C’est sans compter les trois touches à l’avant gauche de la monture optique (Pv, Fn1 et Fn2), qui sont toutes programmables, par exemple testeur de profondeur de champ, mode de zone AF, mémorisation d’exposition, horizon virtuel, raccourcis vers la rafale 14 i/s, quadrillage dans le viseur. Plus encore, avec ce genre de position, on a l’impression de jouer de l’accordéon, car tout se contrôle avec l’index, le majeur et l’annulaire sans quitter le viseur.
LENTILLES
J’étais équipé de deux objectifs professionnels. Et comme le plein format (full frame) exige des lentilles optimales, mon sac photo pesait pas moins de 15 kg. Voyons d’abord la AF-S NIKKOR 24-120 mm f/4G ED VR. Ce caillou idéal pour la photo de rue et le paysage, d’un poids de 710 g, possède un stabilisateur d’image VR qui permet de prendre des photos à vitesse relativement lente sans problème de flou.
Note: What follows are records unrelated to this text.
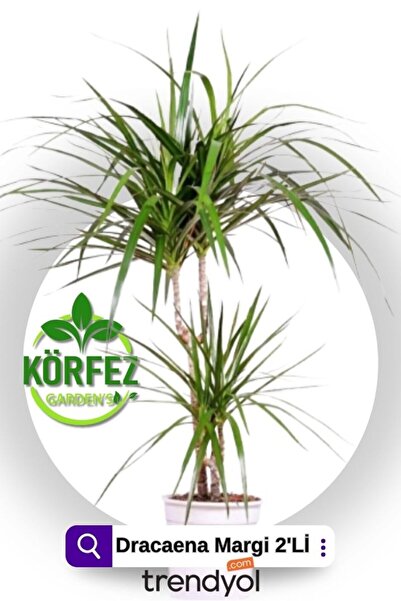 Dracena iei ile Evini Renklendir! Hemen ncele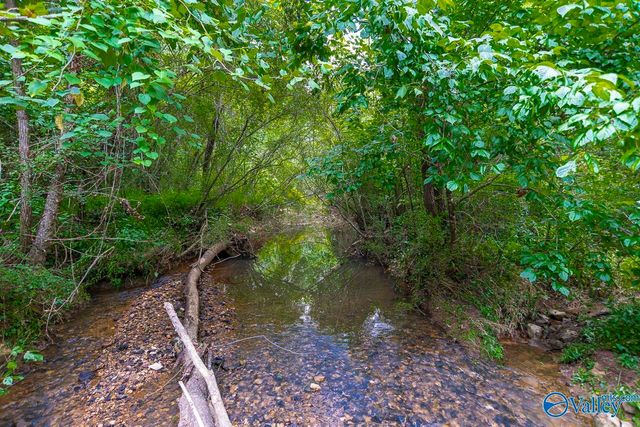 115 Pitalo Street, Madison, AL 35758
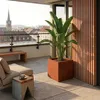 Plantenbak 'Vaargel', plantenpot voor binnen en buiten, 60 Productafbeelding-voorbeeld 4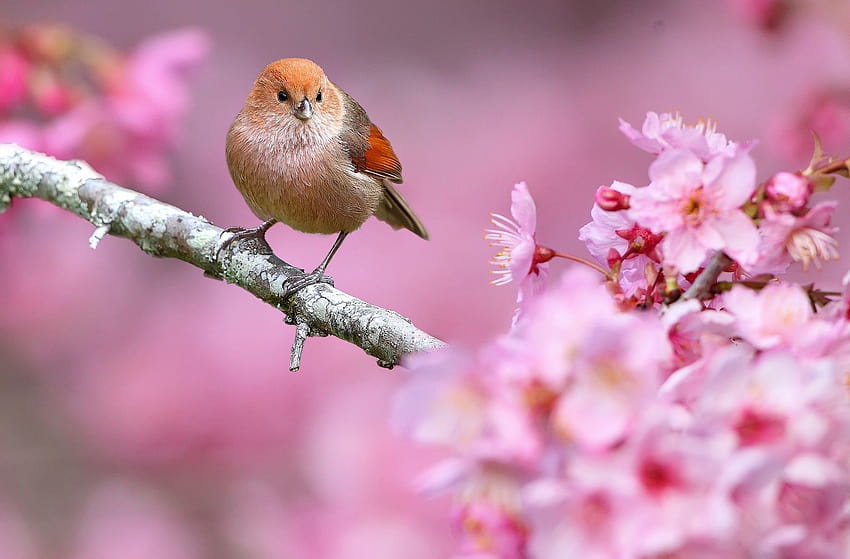: birds, animals, depth of field, pink flowers, nature, branch, cherry blossom, spring, flower, plant, flora, petal, fauna, perching bird, produce, close up, macro graphy, old world flycatcher, 1920x1263 px 1920x1263, pink spring flowers HD wallpaper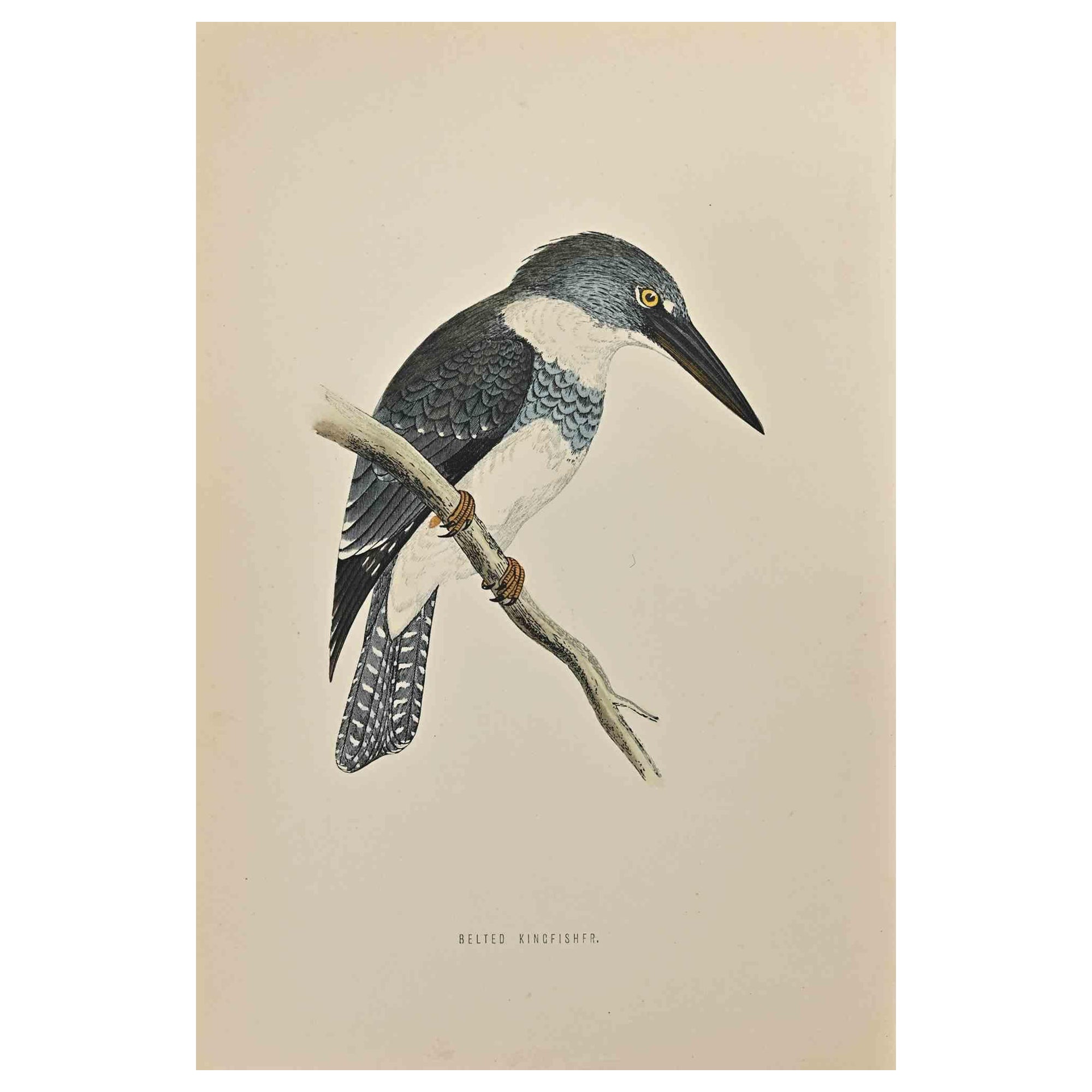 Belted Kingfishfr is a modern artwork realized in 1870 by the British artist Alexander Francis Lydon (1836-1917) . 

Woodcut print, hand colored, published by London, Bell & Sons, 1870.  Name of the bird printed in plate. This work is part of a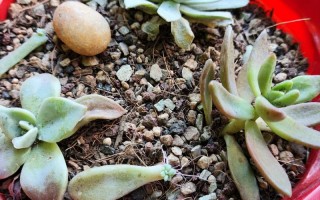 多肉叶子全掉，是养护哪里出问题了？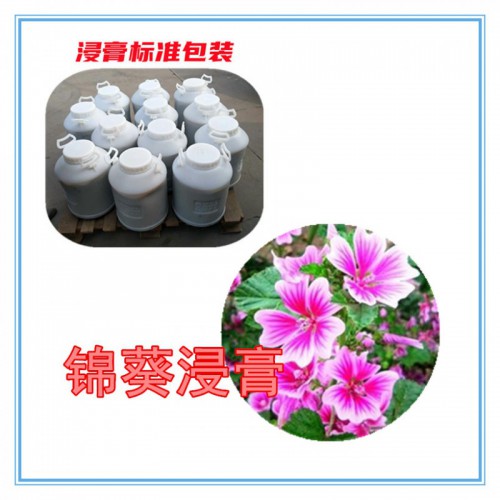 锦葵提取物 锦葵浸膏 锦葵粉 锦葵破壁粉
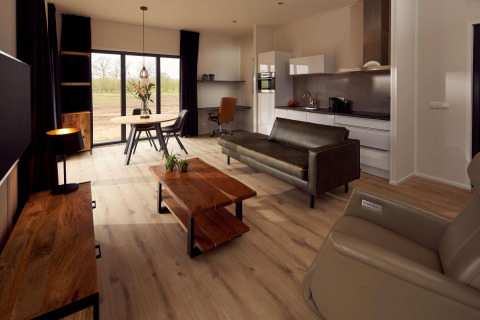Wheelchair-friendly Holiday Villa Amalia 2 at Hofparken Wiltershaar, modern living room in nature.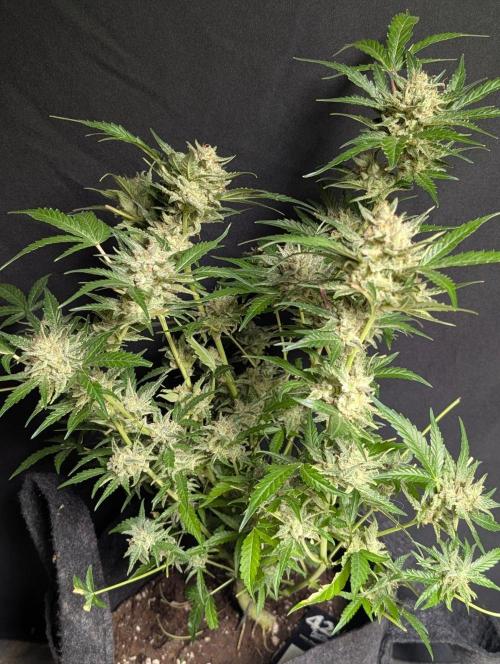 Chemical Candy Auto x3. Week 11 - 1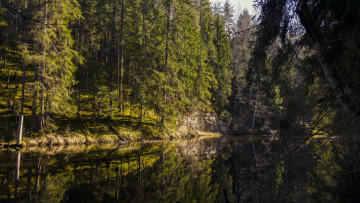 Картинка природа реки озера лес река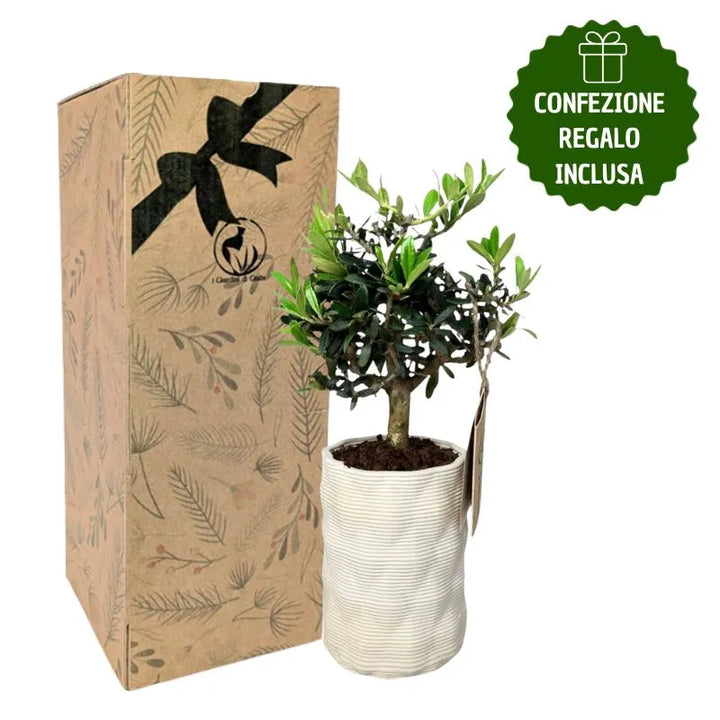 Bonsaï d'olivier en pot Andromède avec coffret cadeau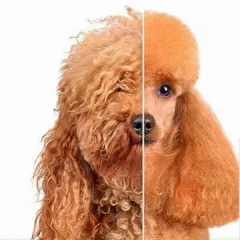 Фото владельца профиля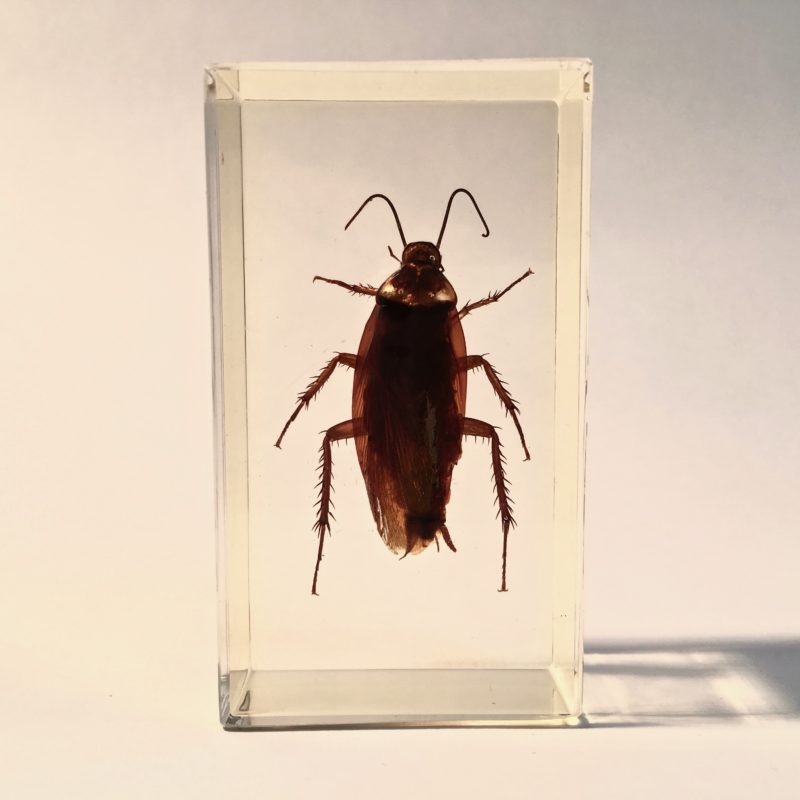 insecte_inclusion_resine_entomologie_curiosités_liedekerke_maison-lk_10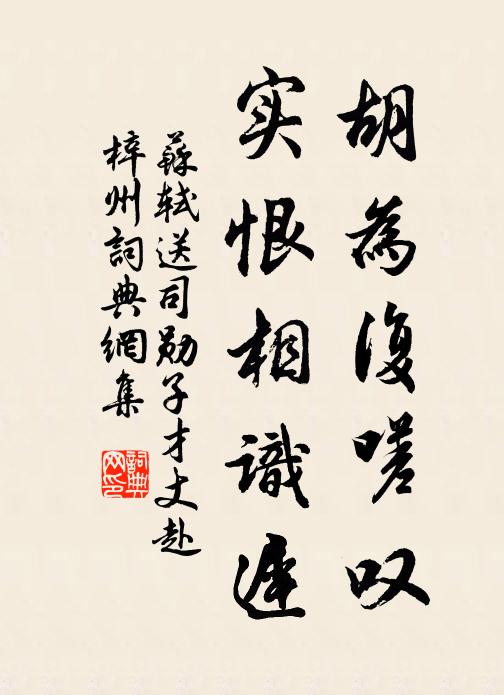 苏轼胡为复嗟叹，实恨相识迟书法作品欣赏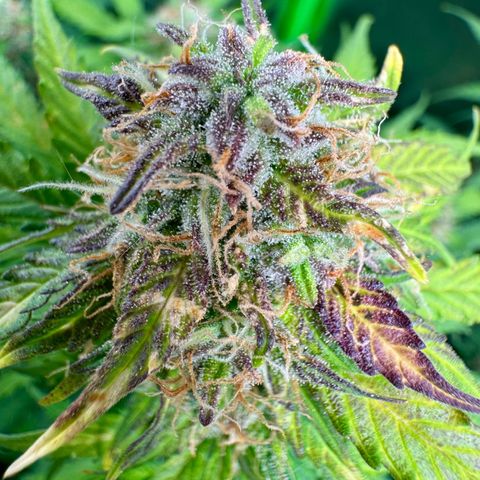 Elsa growlog timeline photo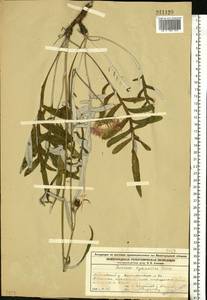 Наголоватка васильковая (L.) Rchb., Восточная Европа, Волжско-Камский район (E7) (Россия)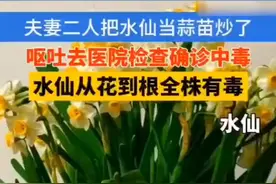 夫妻误把水仙当蒜苗吃后中毒狂吐图片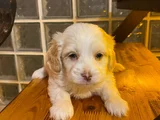 Maltipoo Yavrularımız Ev Doğumu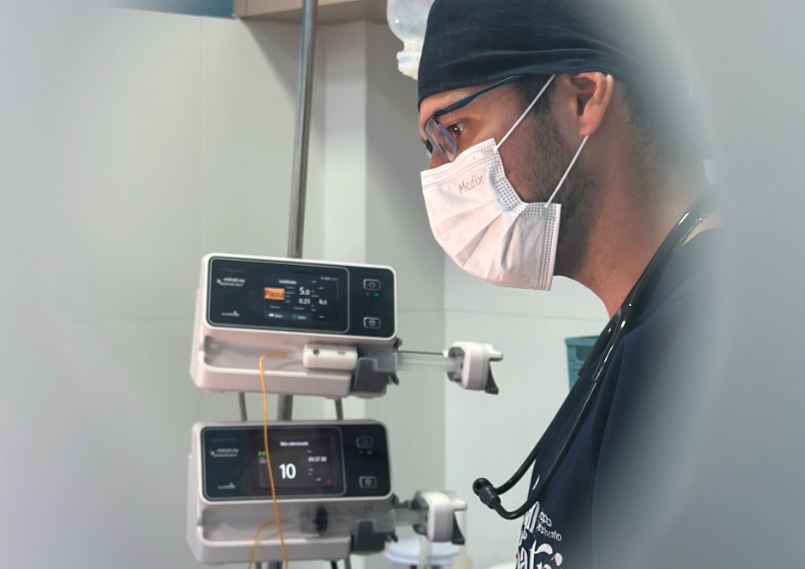 UTI Veterinária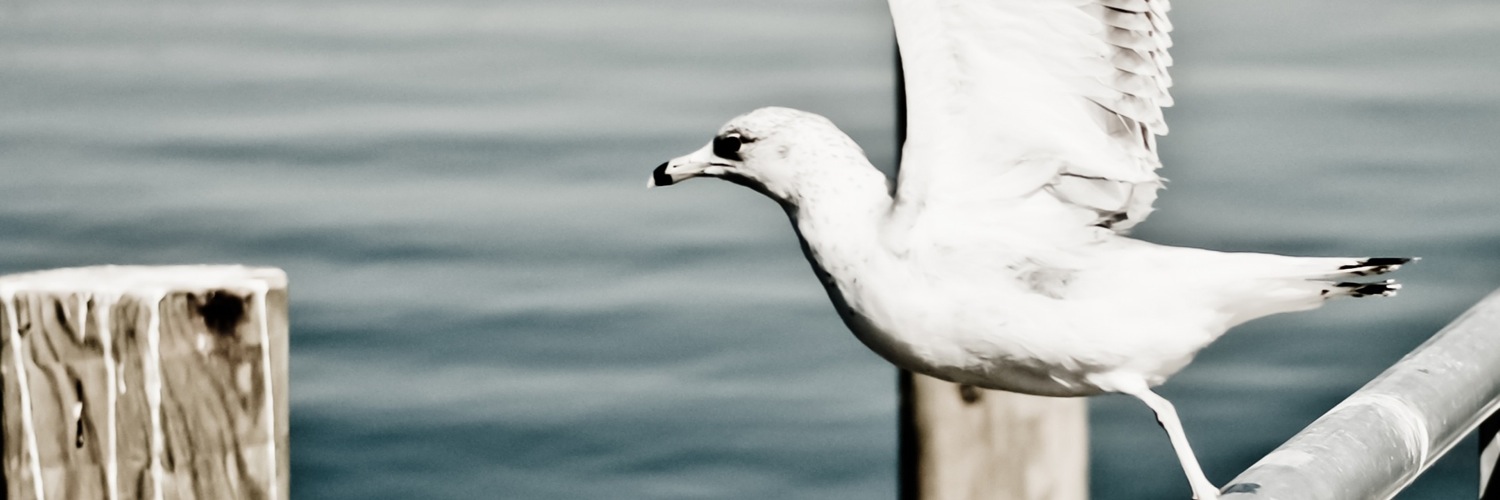 Twitterのヘッダー画像・トップ画に使える画像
Comme il est très rapide grâce à son moteur SWM (Silent Wave Motor), j’ai pu prendre des photos à partir d’une voiture comme au cœur d’une foule. L’autofocus ayant fait merveille, les images sont nettes avec un excellent piqué et très bien exposées. Une fois que l’on a utilisé ce genre de duo (D5/NIKKOR 24-120mm), il est difficile de revenir en arrière tant la barre est haute. Le second objectif, le AF-S NIKKOR 14-24 mm f/2.8G ED, est assez peu utile en photo de rue. Toutefois, son grand angle convient parfaitement à la photo de paysage, avec un champ angulaire de 84° à 114°, de même qu’à la photo d’architecture. Mais assurez-vous de maintenir le boîtier stable, car les perspectives peuvent fuir très facilement avec un 14 mm. Le logiciel DxO ViewPoint permet de les redresser aisément et de remettre les verticales droites. Le verre avant est tellement bombé que l’objectif intègre un cache-soleil et un protecteur de glisse. Signalons que les deux objectifs ont été d’une aide très précieuse pour les 10 701 photos prises avec le D5 au cours de mon séjour au Vietnam.
EN RÉSUMÉ
Le Nikon D5 est une véritable bête de course ou de guerre. Son professionnalisme, son ergonomie et sa fiche technique sont exemplaires. C’est un remarquable outil de création pour tout type de photos et tout genre de photographes. Le ticket d’entrée est certes élevé, tant pour le boîtier que les objectifs, mais il vous accompagnera très loin dans les pires conditions et les projets les plus fous. Il crée des images piquées, nettes et d’une grande puissance. Son poids peut paraître excessif, surtout avec le 14-24 mm qui fait grimper la balance à 2,5 kg, mais je peux certifier que l’on s’y habitue très vite, surtout lorsqu’on voit les photos qu’il produit. Il s’agit en fait d’un petit inconvénient pour un maximum de plaisir.